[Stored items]
■ ■ ■ ■ ■

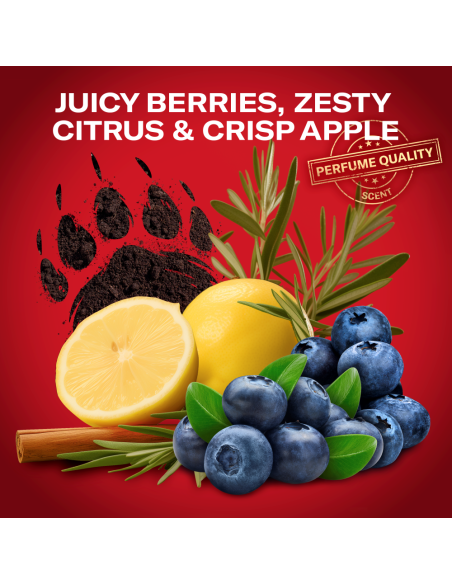 KAST 4 tk! Old Spice Bearglove Meeste Dušigeel Ja Šampoon, 1000 ml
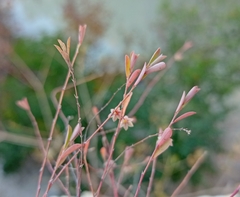 Phyllanthus polygonoides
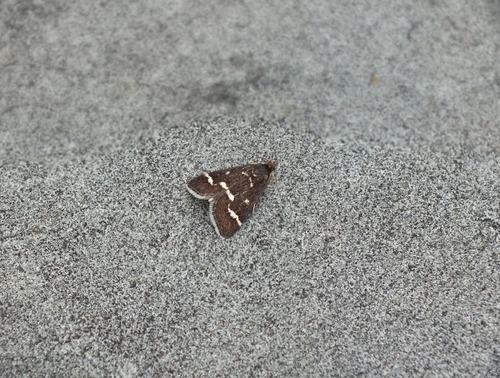 Wavy-barred Sable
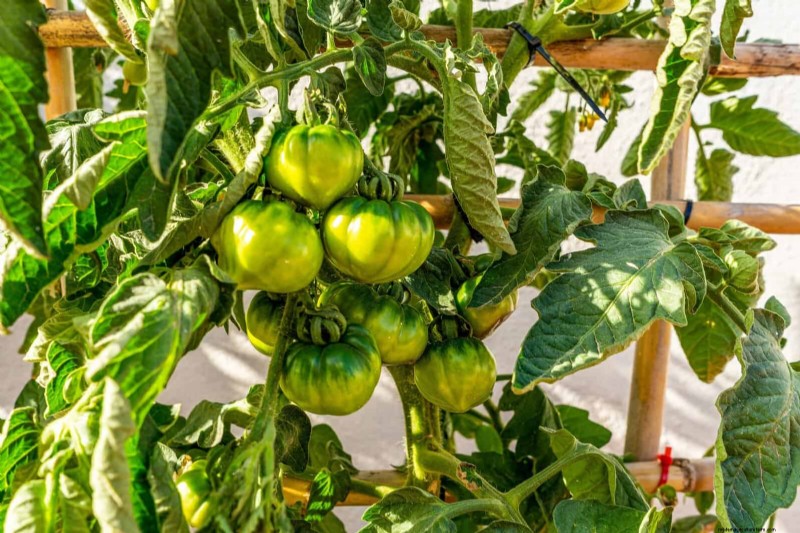 Tomatenblattkräuselung:Früherkennung und wirksame Lösungen 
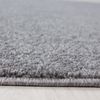 Kurzflor Teppich Alberto rund - 120 cm Durchmesser - Hellgrau Bild 2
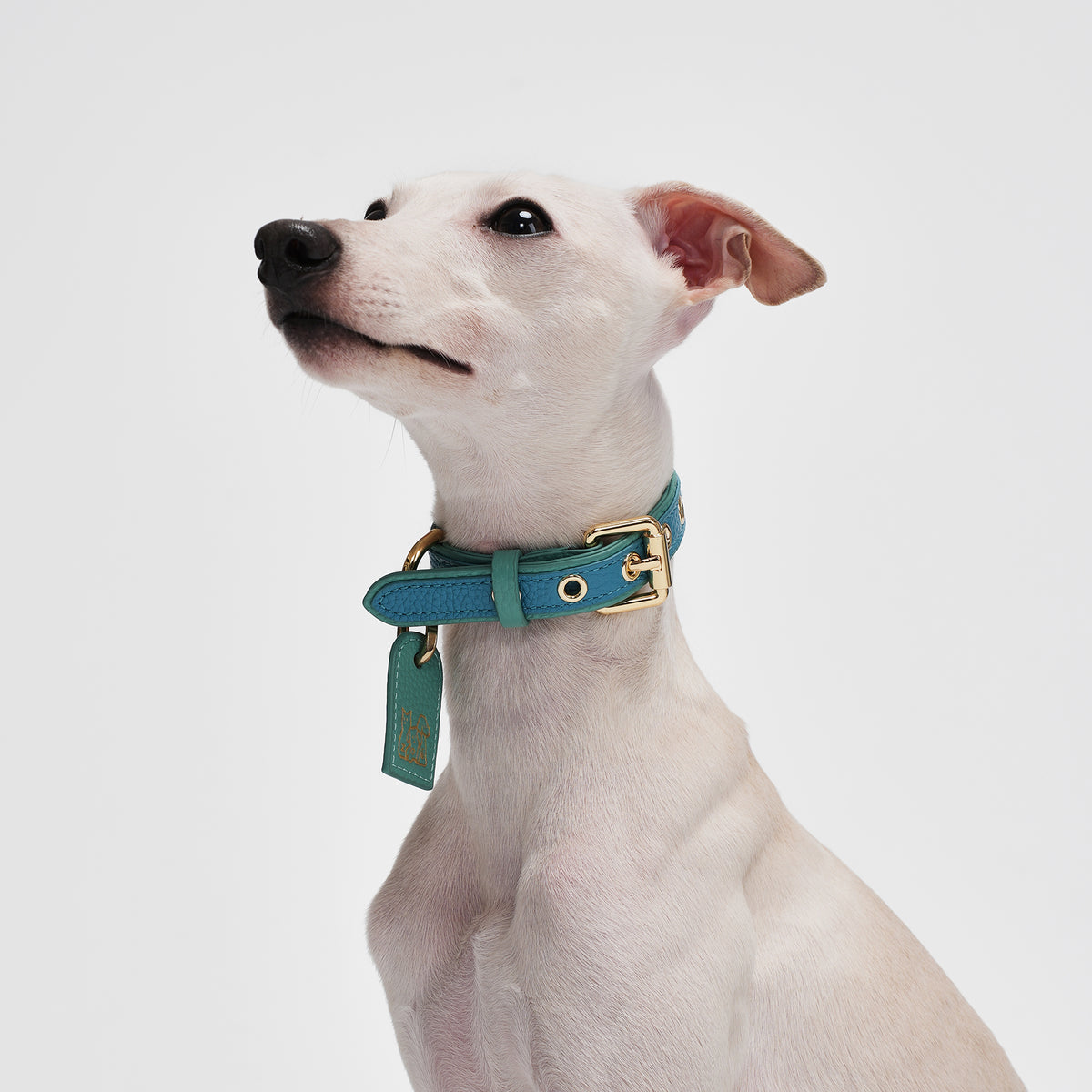 Le Symbole Pet Collar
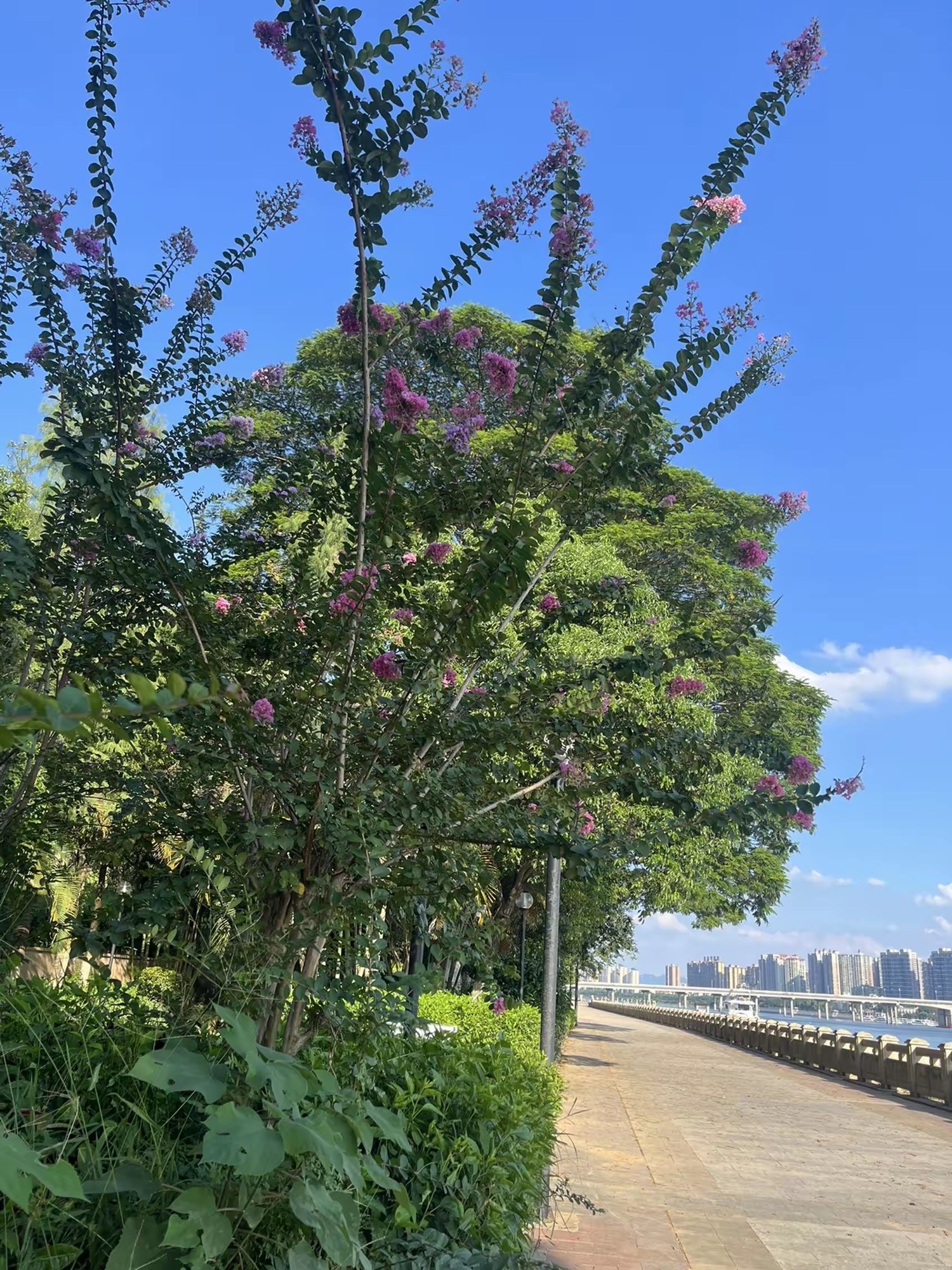 凯景社区体育公园旅行图片 2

■ ■ ■ ■ ■

WORK TASK = In the copy, include every line of the entries above exactly and none of the pictures.

EXERCISE SOLUTION =
 KAST 4 tk! Old Spice Bearglove Meeste Dušigeel Ja Šampoon, 1000 ml
 Phyllanthus polygonoides
 Wavy-barred Sable
 Tomatenblattkräuselung:Früherkennung und wirksame Lösungen 
 Kurzflor Teppich Alberto rund - 120 cm Durchmesser - Hellgrau Bild 2
 Le Symbole Pet Collar
 凯景社区体育公园旅行图片 2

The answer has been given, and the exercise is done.